Заслышав шум, воины бросились было к дверям, чтобы унять и покарать нарушителей тишины, но их грубо оттолкнула чья-то сильная рука. Дзенгизиц ворвался в залу, дрожа от злости, с громким, бешеным хохотом. За ним шел князь Эллак, еще бледнее и печальнее обыкновенного.
Дзенгизиц, года на два моложе брата, был одет в ярко-красный, опушенный мехом плащ из шелковой материи, не доходивший ему до колен. Под ним виднелся короткий безрукавый камзол из дорогого меха, вышитый золотом, причем на левой стороне тела шкура была обращена волосом вниз, а на правой — наоборот, так что одежда казалась наполовину грязно-желтой и наполовину темно-коричневой. На спине юноши висел поверх плаща, на широкой темно-красной перевязи, унизанный жемчугом и драгоценными каменьями колчан со стрелами. В правой руке Дзенгизица были сломанные половинки длинного гуннского лука. Крича и жестикулируя, он гневно потрясал ими в воздухе.
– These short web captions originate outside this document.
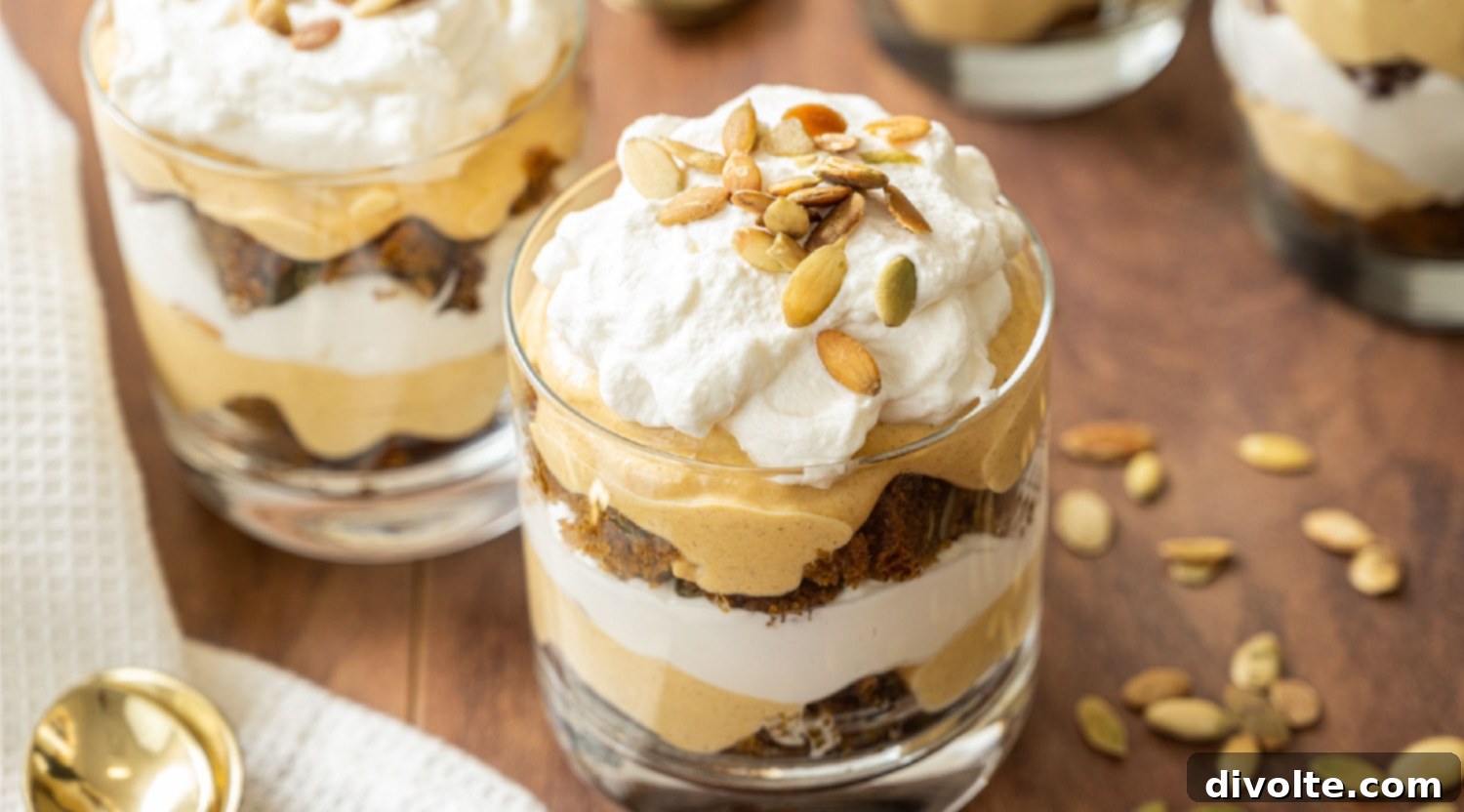 pumpkin-spice-trifle-recipe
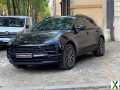 Photo porsche macan 2.0 245 ch PDK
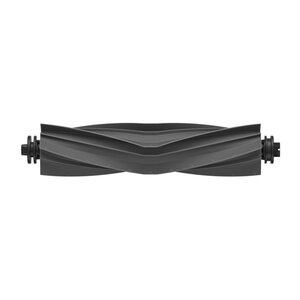 Szczotka główna do robotów sprzątających Dreame z serii L10s Ultra Gen 3/L10s Ultra Gen 2/L40 Ultra/X40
Молодой князь сильно походил лицом на Аттилу и отличался всеми признаками монгольской расы, но ему недоставало того величавого достоинства, которым всесильный хан умел внушить уважение к себе даже своим врагам.
Некрасивые глаза навыкате дико блуждали на лице Дзенгизица, а толстые губы подрагивали от злости.
— Убери прочь свои лапы, собака! — крикнул он последнему из воинов, стоявших у дверей, и так сильно ударил его по руке острыми обломками лука, что у того брызнула кровь.
— Кто смеет заграждать дорогу ханскому сыну! — продолжал он. — Я иду к своему отцу и судье! У меня есть жалоба к нему или, скорее, я здесь обвиняемый, которому нужно оправдаться! — и он снова злобно захохотал.
Дзенгизиц стоял уже против Аттилы, вскочив одним прыжком на эстраду.
— Батюшка, готский выродок хочет на меня жаловаться. Будет гораздо лучше, если я сам расскажу тебе все, как было, и не допущу, чтобы старший брат чернил меня понапрасну. Он сам тоже виноват.
— Что это, ссора между моими сыновьями? Вы оба не правы! — сказал отец, но его сердитый взгляд обратился только на Эллака, медленно входившего в ту пору по ступеням.
— О таких пустяках, право, не стоило бы и толковать, — снова начал Дзенгизиц. — Мы ехали по пыльной дороге, позади заложников. Мне стало ужасно скучно в этом пустынном, безлюдном месте и я, от нечего делать, вздумал биться об заклад со своим оруженосцем, что могу попасть стрелою без промаха несколько раз кряду между растопыренными пальцами человека, не нанеся ему ни малейшего вреда. «Ты можешь сколько угодно спорить о том, господин, — отвечал мне оруженосец, — потому что никто не согласится спокойно стоять перед твоим натянутым луком и выдержать такое страшное испытание». «А вот увидишь», — отвечал я и велел одному из заложников, с трудом тащившемуся по дороге под палящими лучами солнца — как раз впереди меня, подойти к дереву и приложить к его стволу свою ладонь с растопыренными пальцами. Заложник был двенадцатилетним мальчиком, сыном побежденного сарматского князя. Ребенок исполнил мое приказание. Я предупредил его, чтобы он не оглядывался, но непослушный мальчишка обернулся в ту пору, когда стрела готова была сорваться с тетивы. В смертельном страхе, негодный трус прижал растопыренные пальцы к лицу. Я хорошенько прицелился и попал, по уговору, между третьим и четвертым пальцем мальчугана.